I keep stroking Winnie, from her ears to her tail. ‘You mean me?’

‘Yes, and…’ Milly hesitates. ‘The sperm donor, too, because Matt’s not comfortable using his own. I know that sounds weird,’ she continues in a rush, ‘because we’re talking about test tubes, not anything… well, you know. But he said he would feel strange, knowing it was his baby – genetically, I mean – and not mine. And I agree.’

‘Right.’ I hadn’t thought about it being Matt’s baby. I realise I am relieved that it won’t be an issue, although I’m not sure I should say that, so I remain silent.

Milly leans forward. ‘Anna, if this is too much for you, I really will understand. You made the offer in an emotional moment—’

‘It’s not.’ I speak quietly, firmly. I am sure.

‘It’s just that I don’t want you to feel pressured,’ Milly persists. ‘Because you feel as if, I don’t know, you owe me something.’

I still at that, because do I owe Milly something? Does she feel that I do? When I was at my lowest point, eighteen years old and spiralling downwards, kicked out of my house, jobless, rootless, directionless, she as good as saved me. But that was sixteen years ago, and she did it because she was my best friend. She’s never acted as if there was a debt to be repaid, but now I wonder if she’s felt that. If I do.
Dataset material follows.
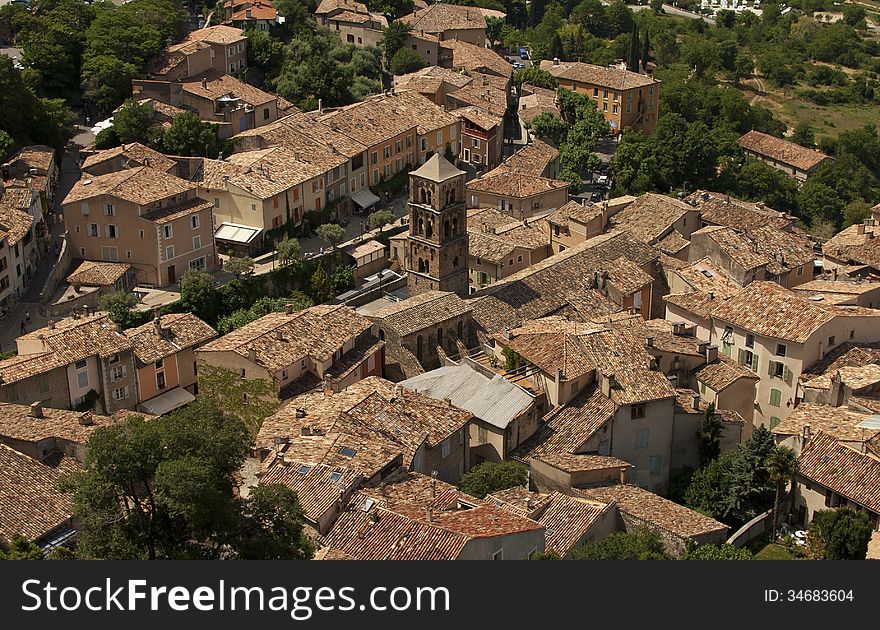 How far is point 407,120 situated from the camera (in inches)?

‘I’m not doing this because I feel like I owe you something, Milly,’ I say quietly. ‘I’m doing it because you’re my best friend, and I want to help you and see you happy.’
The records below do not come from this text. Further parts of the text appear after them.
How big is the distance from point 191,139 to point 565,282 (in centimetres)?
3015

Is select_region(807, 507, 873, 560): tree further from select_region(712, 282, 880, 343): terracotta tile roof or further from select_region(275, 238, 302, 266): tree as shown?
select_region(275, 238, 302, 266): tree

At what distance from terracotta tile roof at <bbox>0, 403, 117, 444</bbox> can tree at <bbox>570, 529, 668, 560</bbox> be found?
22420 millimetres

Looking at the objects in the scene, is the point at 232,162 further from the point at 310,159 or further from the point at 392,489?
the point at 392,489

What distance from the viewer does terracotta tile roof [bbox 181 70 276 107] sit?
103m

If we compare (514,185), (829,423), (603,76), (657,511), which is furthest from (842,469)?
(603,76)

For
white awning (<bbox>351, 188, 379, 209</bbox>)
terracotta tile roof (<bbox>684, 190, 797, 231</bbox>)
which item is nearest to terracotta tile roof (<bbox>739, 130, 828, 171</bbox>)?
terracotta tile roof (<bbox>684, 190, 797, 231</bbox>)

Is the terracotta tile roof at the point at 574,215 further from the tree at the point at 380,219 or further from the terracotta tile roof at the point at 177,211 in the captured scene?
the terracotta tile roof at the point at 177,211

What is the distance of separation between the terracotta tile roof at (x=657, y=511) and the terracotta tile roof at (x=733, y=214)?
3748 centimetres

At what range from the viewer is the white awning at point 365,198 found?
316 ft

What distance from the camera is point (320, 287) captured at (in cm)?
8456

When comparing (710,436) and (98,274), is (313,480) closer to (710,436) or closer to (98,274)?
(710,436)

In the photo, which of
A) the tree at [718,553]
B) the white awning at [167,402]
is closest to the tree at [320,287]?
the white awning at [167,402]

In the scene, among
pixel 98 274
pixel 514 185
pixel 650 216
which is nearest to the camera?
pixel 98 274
‘Thank you.’ Milly sniffs and smiles. ‘I know you wouldn’t… I didn’t mean…’ She shakes her head, frustrated, tearful.

‘I know you didn’t.’

‘Because I have this vision of what it could be like. What I want it to be like. We know each other, we love each other, and raising kids is hard work. Why shouldn’t we all be involved? And, of course, you will be involved. Honorary auntie, godmother, whatever. I’m going to need you in all of this, Anna, and I’m not just talking about your egg.’ She laughs a little, wiping her eyes, and my throat goes tight.
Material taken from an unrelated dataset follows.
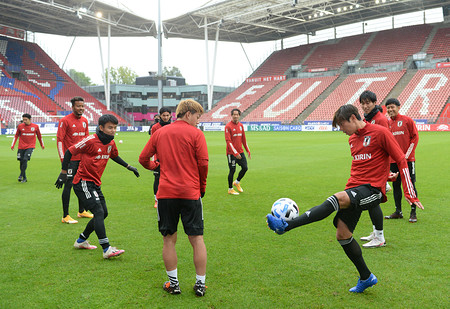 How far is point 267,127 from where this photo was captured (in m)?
47.3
‘I’ll be there,’ I promise, my voice a bit hoarse. ‘Of course I will. Always.’ I think of the father pushing his golden-haired daughter on the swing, the way her head tilted back with joy, and then I put myself in the picture, pushing the swing, smiling, savouring the moment.

‘Good. Then…’ She hesitates. ‘We can go forward… with this?’

It feels like one of those defining moments, both of us teetering on a precipice, having no idea what yawns below. Then I tell myself not to be melodramatic, that this can be simple. Easy, even. Because this is Milly… and me.

‘Yes,’ I say. ‘Of course we can.’

Five

Milly

I don’t remember the first time I was told I was adopted. One of my earliest memories, though, is telling someone else quite matter-of-factly. It came in different versions and guises as I grew up, from I didn’t come out of my mummy’s tummy to my parents chose me to the flatly stated I’m adopted.

My parents were always upfront about the adoption, always made it a talking point of my childhood. The photo album of my life starts on the day they brought me home from the hospital at six months old.

This framing of my identity around my adoption didn’t bother me for a long time. In fact, I wouldn’t say it ever bothered me, because it was simply part of who I was, the history they imbued me with, the story they told, proudly and lovingly.

But in my teen years I became curious, as is apparently natural with adopted children. When I was about thirteen, I wanted to know more about my roots, and that’s where my parents’ friendly, open attitude about it all started to falter. They didn’t mean for it to, and of course it was hard for them – this longed-for daughter they loved questioning everything, sometimes angrily, in my teenaged angst.